Nāpili-Honokōwai is a census-designated place (CDP) in Maui County, Hawaii, United States. The population was 7,042 at the 2020 census.

==Geography==
Nāpili-Honokōwai is located at (20.966949, -156.670672), between Kapalua to the north and Kāʻanapali to the south. It consists of three separate neighborhoods: Napili, Kahana, and Honokowai (from north to south).

According to the United States Census Bureau, the CDP has an area of 11.1 km2, of which 6.8 km2 is land and 4.3 km2, or 38.35%, is water.

==Transportation==
Nāpili-Honokōwai's beaches were formerly serviced by Kaanapali Airport but now use its replacement, Kapalua Airport (also known as the Kapalua-West Maui Airport), both centrally located in the northernmost central territory of the largest Napili-Honokowai land area, known colloquially as Lokuho.

==Demographics==

As of the census of 2000, there were 6,788 people, 2,629 households, and 1,469 families residing in the CDP. The population density was 1,153.9 PD/sqmi. There were 4,681 housing units at an average density of 795.7 /sqmi. The racial makeup of the CDP was 53.62% White, 0.72% African American, 0.43% Native American, 19.12% Asian, 8.09% Pacific Islander, 4.15% from other races, and 13.86% from two or more races.
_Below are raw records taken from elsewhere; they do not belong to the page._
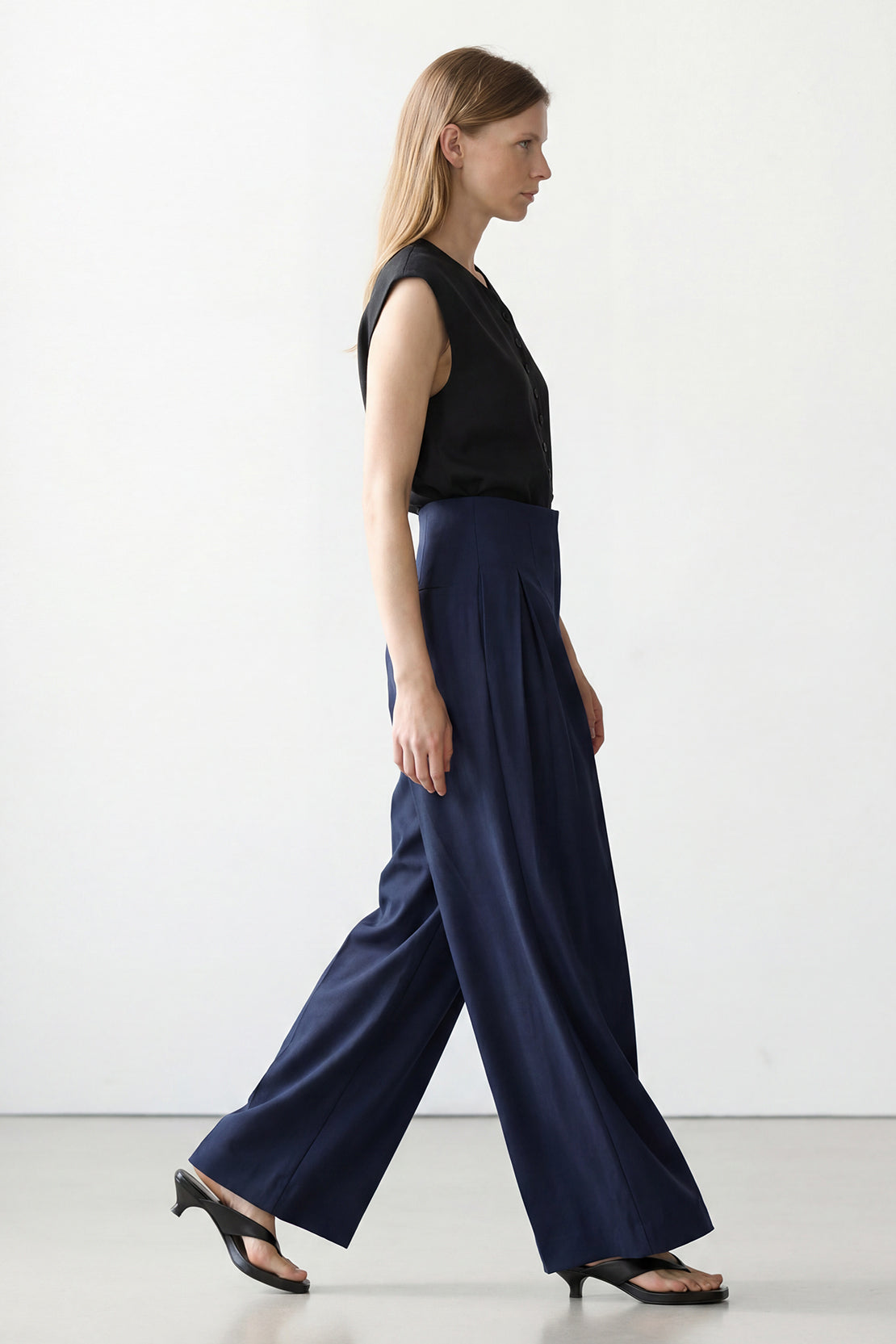 KOKO Modal Roma High-Waist Pleated Trouser – Navy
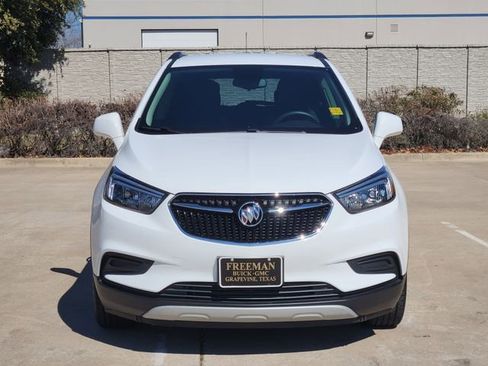 Used 2022 Buick Encore Preferred w/ Safety Package image 2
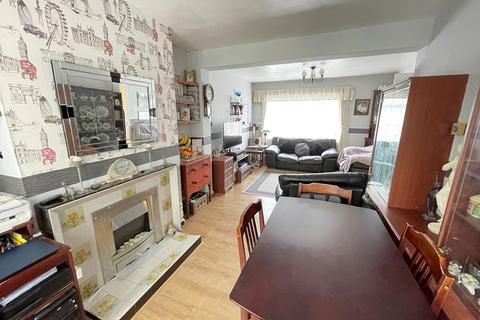 3 Allison Close, Waltham Abbey, EN9 3NY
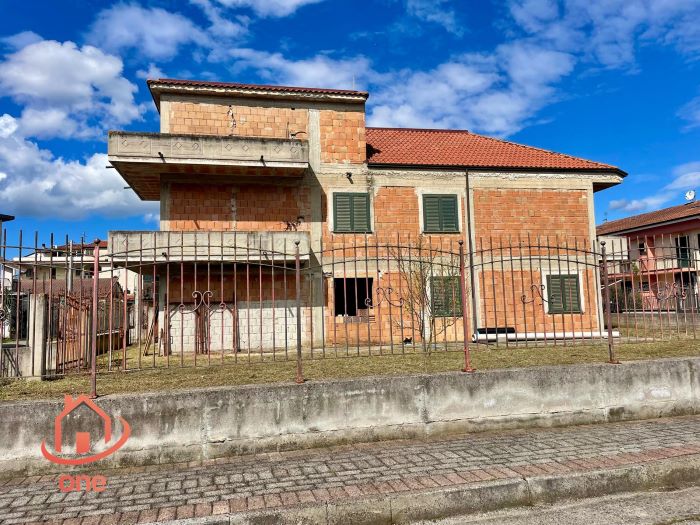 Villa-in-vendita-Castelnuovo-Cilento-Loc.-Velina-con-ampio-giardino (91)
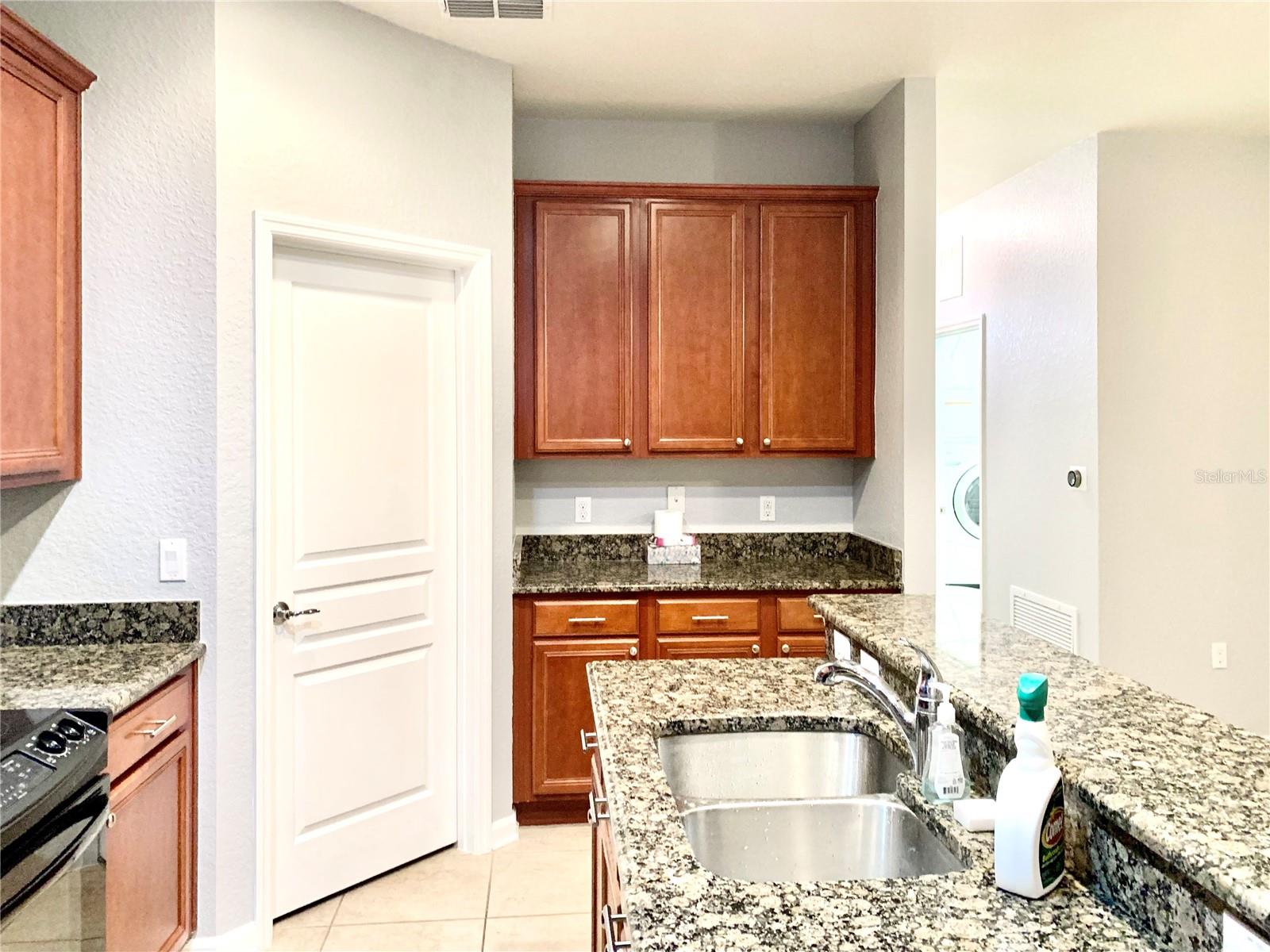 Image 5 of 21 For 7728 Moser Avenue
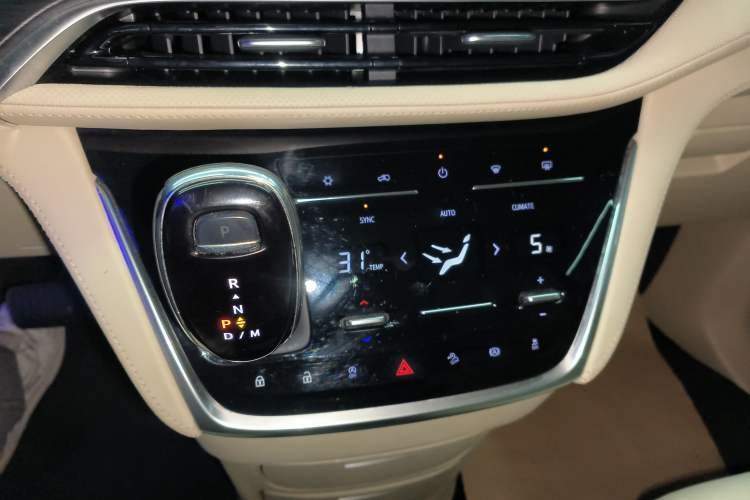 Used Buick GL8 2022 ES Landtrek 653T Luxury Edition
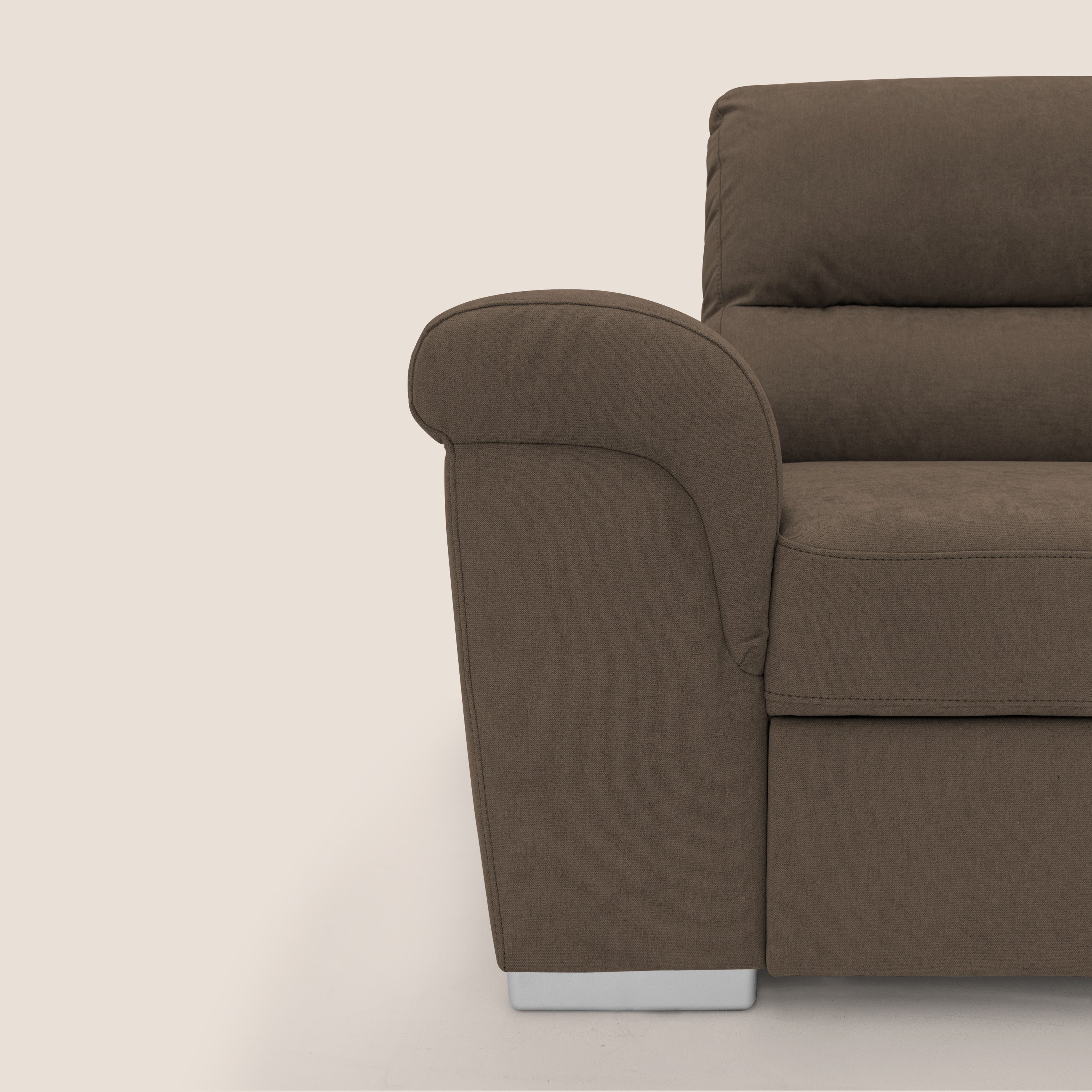 Minerva divano angolare con estraibile a cassettone e pouf contenitore in tessuto morbido impermeabile T02 marrone - divani.store
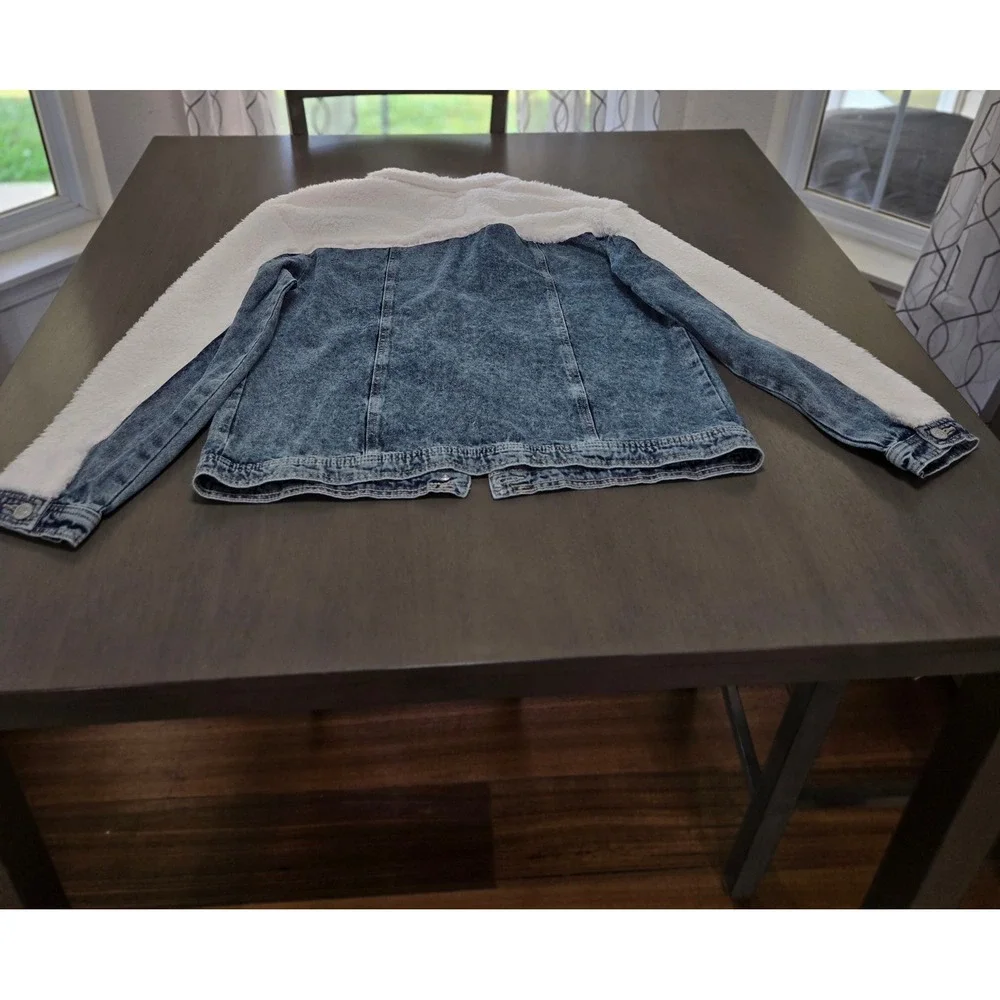 Justice Peanuts Snoopy Denim Jacket Faux Shearling Acid Wash Patches Blue XLPlus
Hispanic or Latino of any race were 10.72% of the population.

There were 2,629 households, of which 28.3% had children under the age of 18 living with them, 42.4% were married couples living together, 8.8% had a female householder with no husband present, and 44.1% were non-families. 27.7% of all households were made up of individuals, and 3.4% had someone living alone who was 65 years of age or older. The average household size was 2.58 and the average family size was 3.20.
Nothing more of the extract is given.